(DATA FOR THIS EXERCISE Opens)

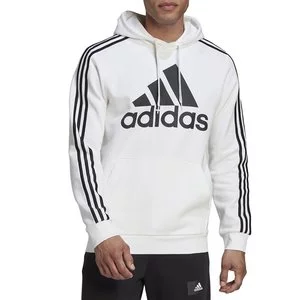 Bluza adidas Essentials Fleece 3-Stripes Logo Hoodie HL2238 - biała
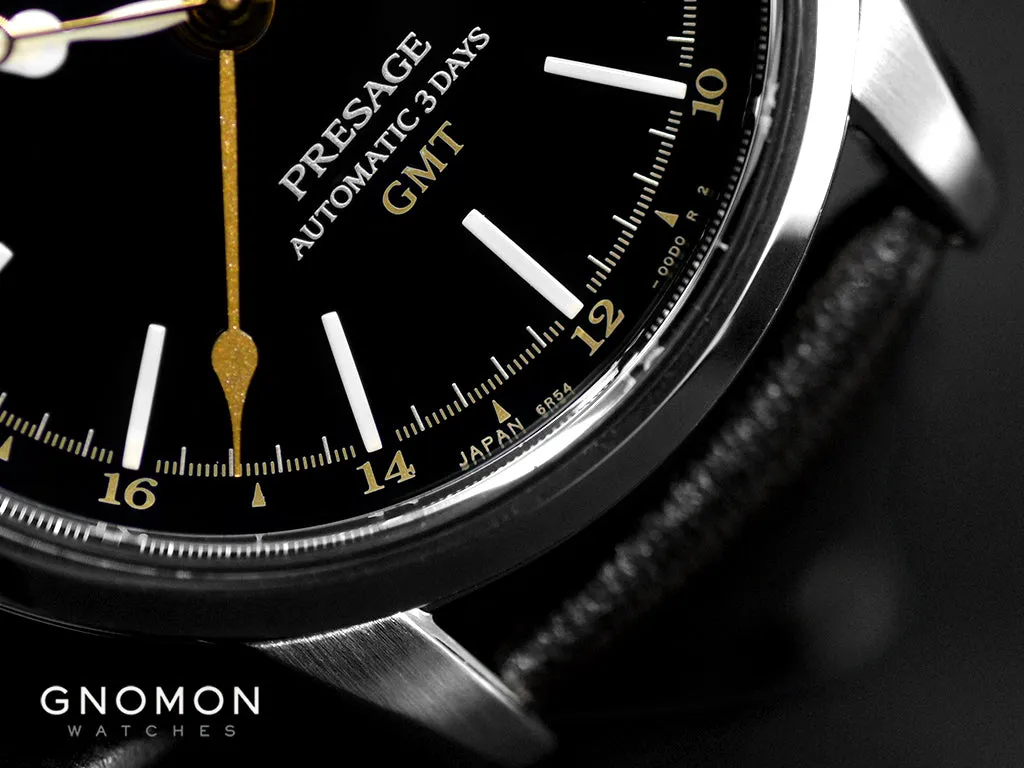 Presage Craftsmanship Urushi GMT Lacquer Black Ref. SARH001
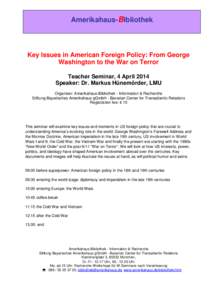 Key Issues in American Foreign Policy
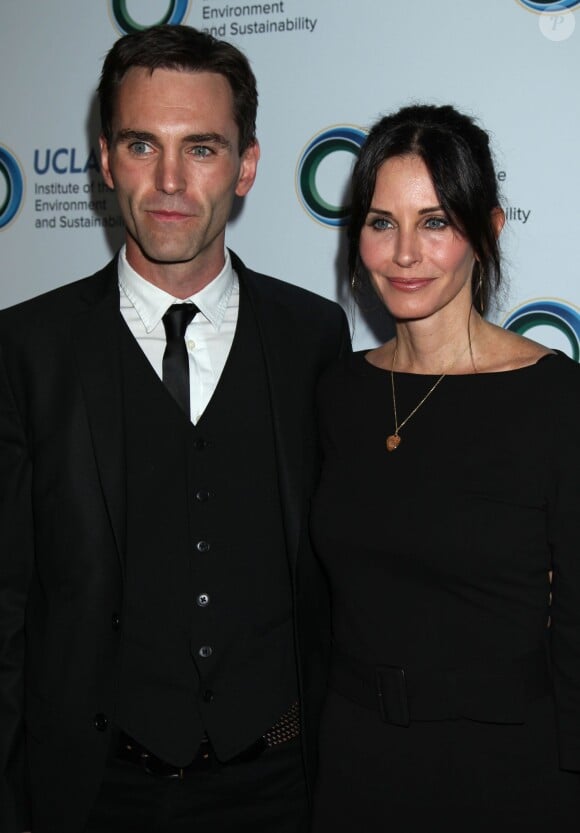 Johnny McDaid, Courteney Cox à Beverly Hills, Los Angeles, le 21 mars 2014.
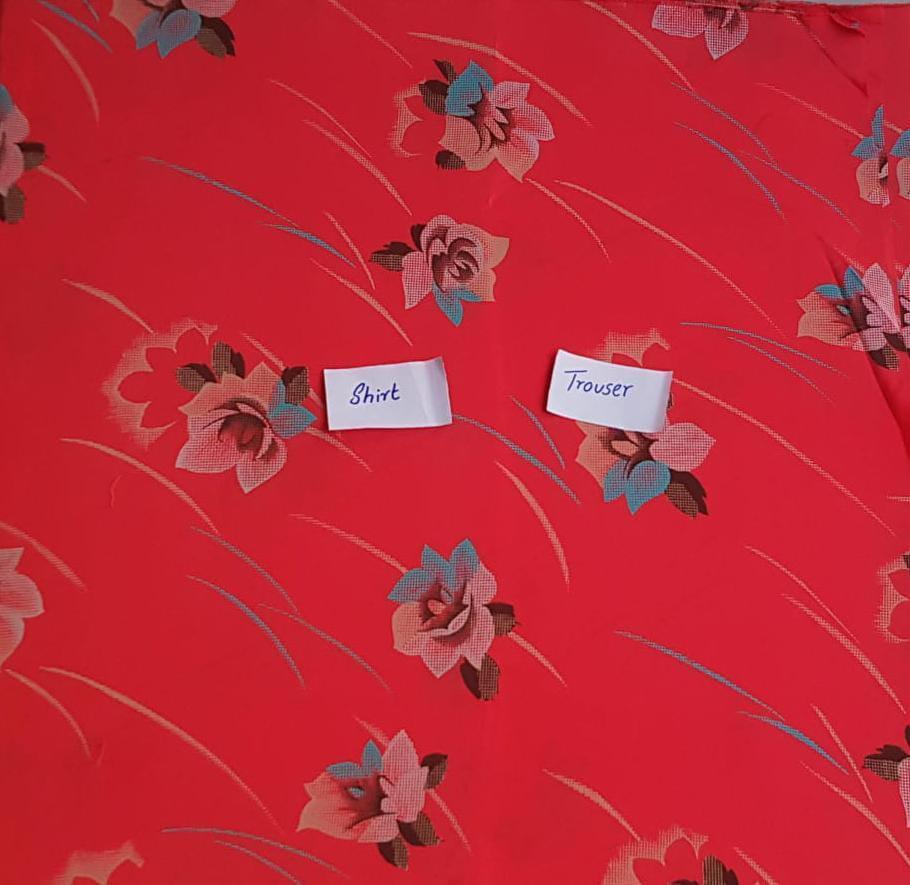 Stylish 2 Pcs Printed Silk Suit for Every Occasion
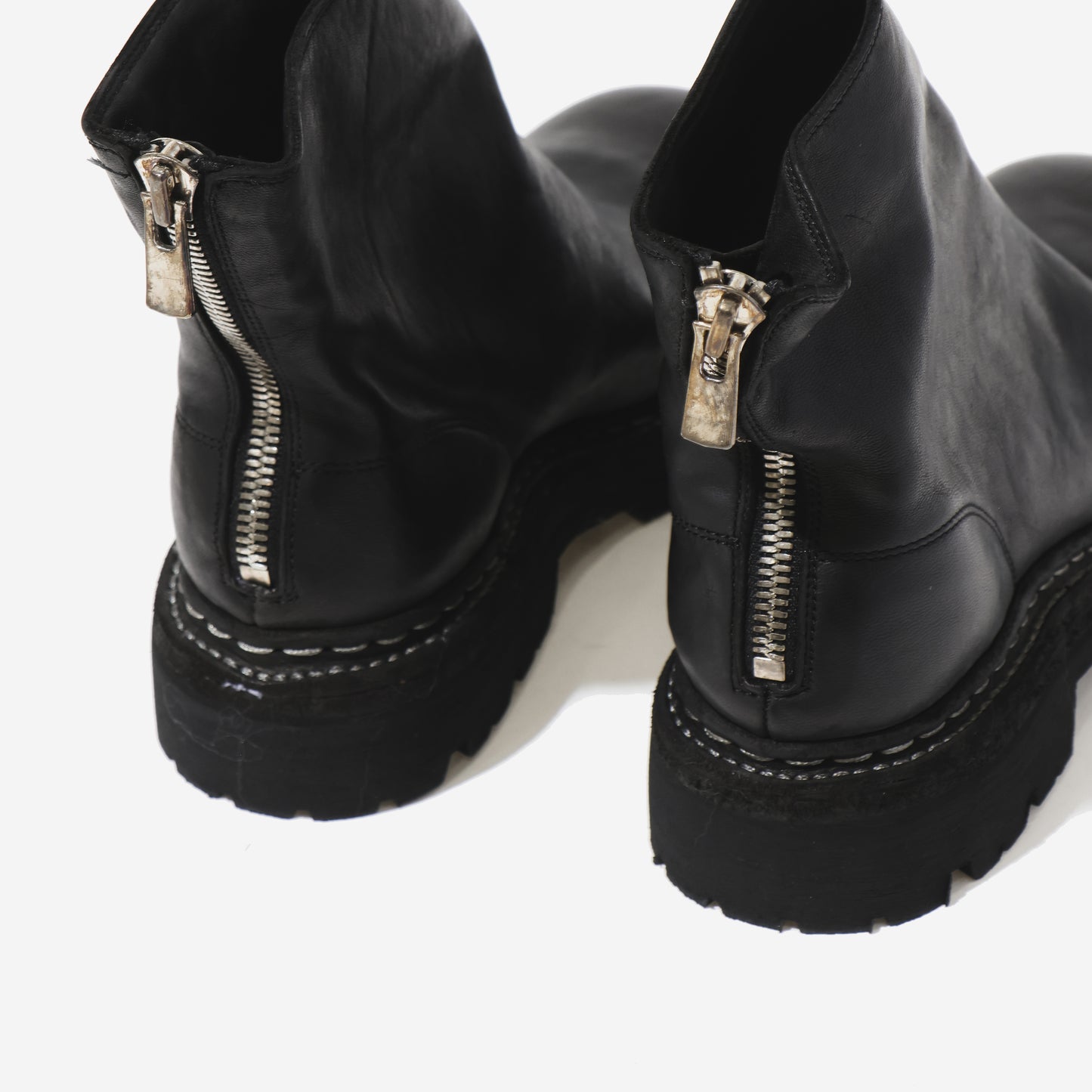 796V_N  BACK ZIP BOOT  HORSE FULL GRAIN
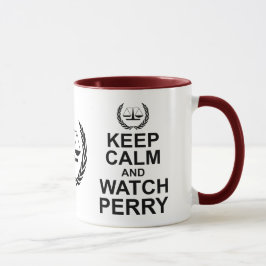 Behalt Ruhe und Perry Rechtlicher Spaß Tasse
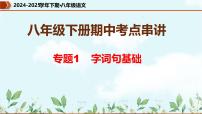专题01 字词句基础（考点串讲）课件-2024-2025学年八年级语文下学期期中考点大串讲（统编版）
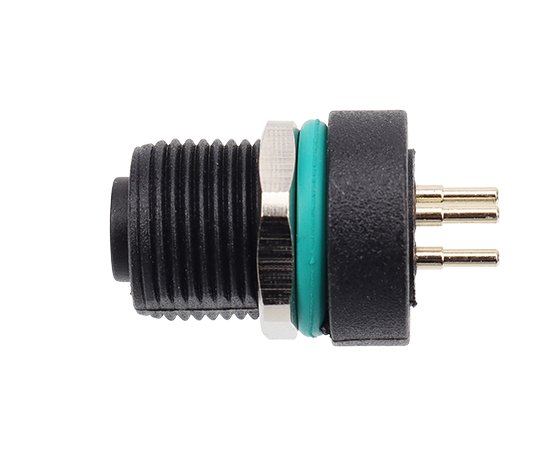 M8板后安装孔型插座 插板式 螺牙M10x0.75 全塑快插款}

(DATA FOR THIS EXERCISE Closes)
(DATA FOR THIS EXERCISE Opens)

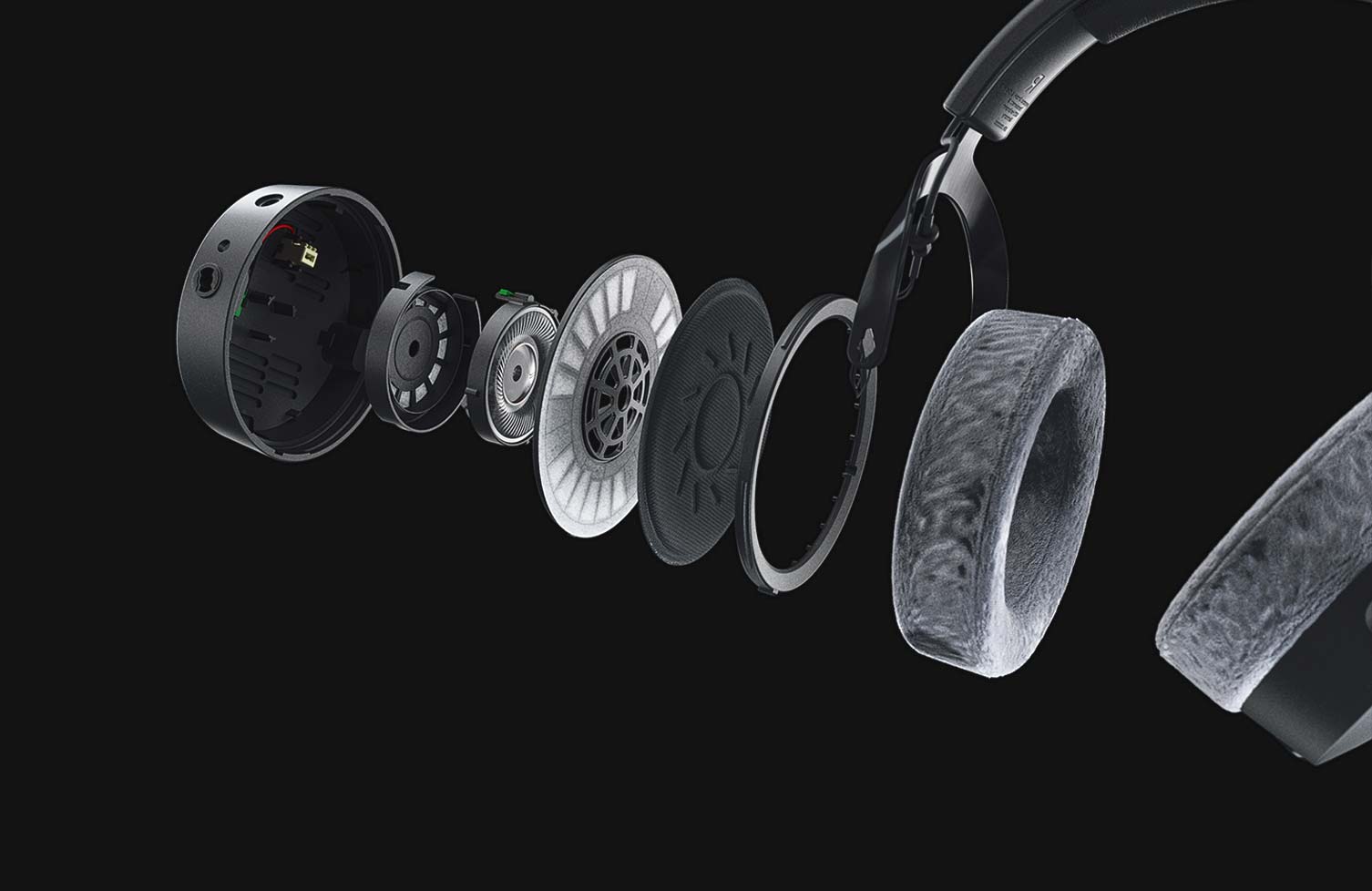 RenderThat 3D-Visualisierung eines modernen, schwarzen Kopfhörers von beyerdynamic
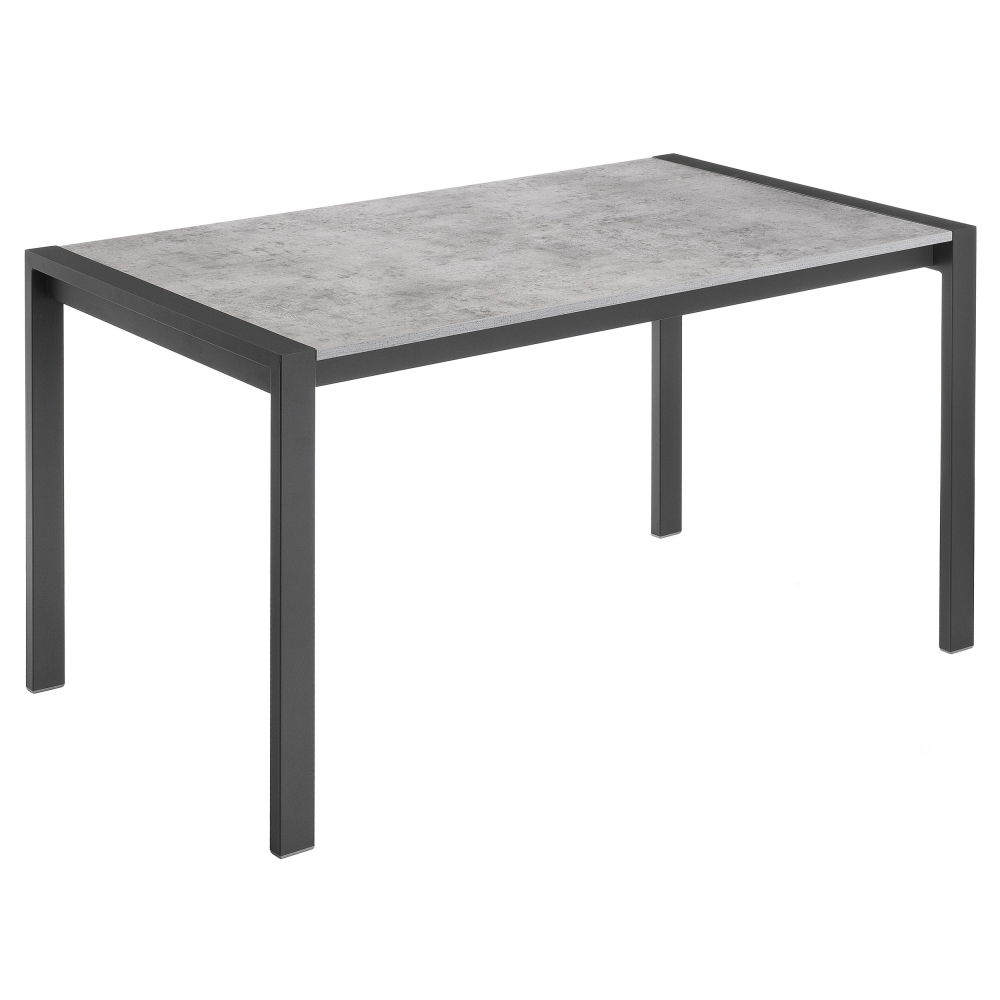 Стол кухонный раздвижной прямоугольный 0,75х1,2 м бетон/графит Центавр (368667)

(DATA FOR THIS EXERCISE Closes)
(DATA FOR THIS EXERCISE Opens)

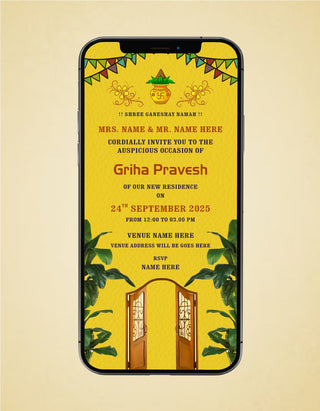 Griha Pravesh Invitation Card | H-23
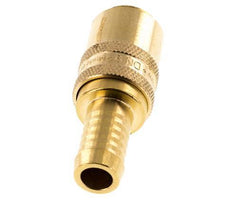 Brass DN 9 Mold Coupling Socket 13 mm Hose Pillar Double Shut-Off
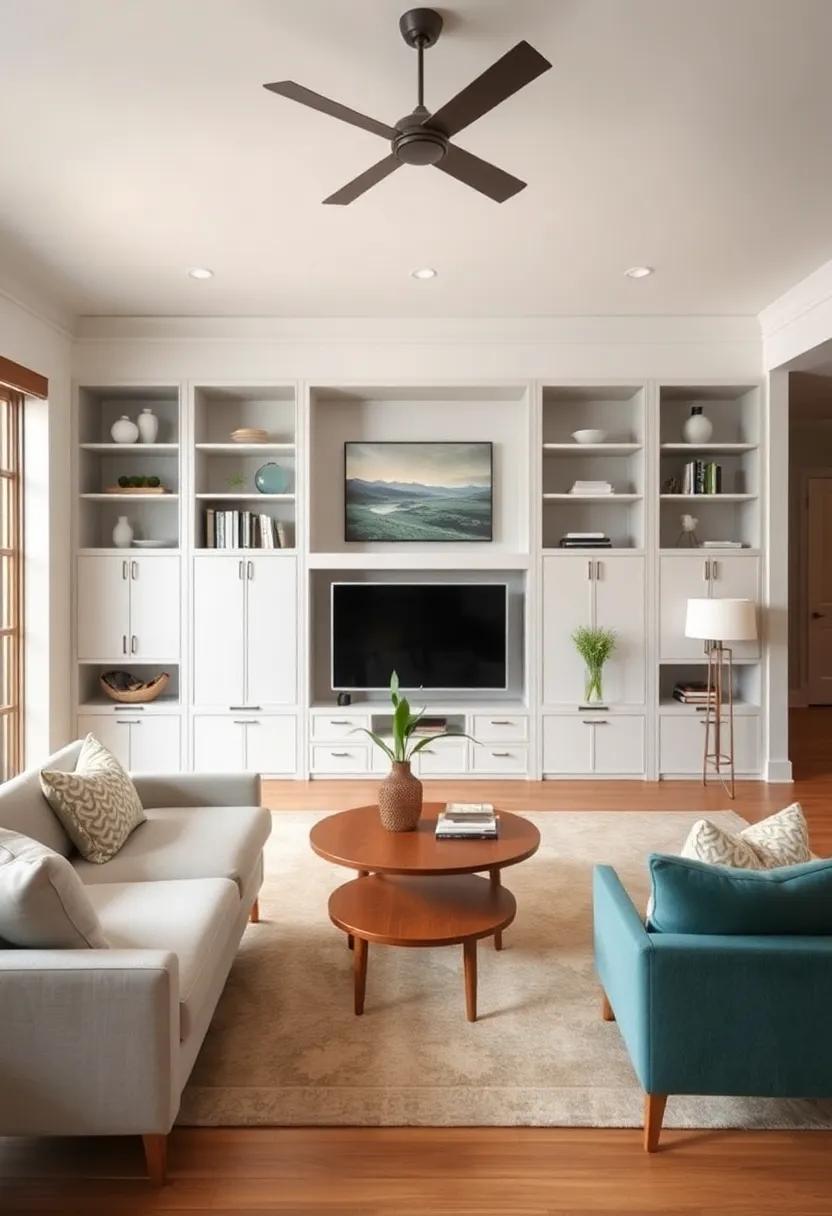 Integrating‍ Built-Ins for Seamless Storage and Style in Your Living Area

(DATA FOR THIS EXERCISE Closes)

### TRY IT
Take the entries above and copy exactly the lines starting at the one with "Brass DN 9 Mold" and ending at the one with "Integrating‍ Built-Ins for"; nothing outside that span, and no pictures.

### EXERCISE RESPONSE
 Brass DN 9 Mold Coupling Socket 13 mm Hose Pillar Double Shut-Off
 Integrating‍ Built-Ins for Seamless Storage and Style in Your Living Area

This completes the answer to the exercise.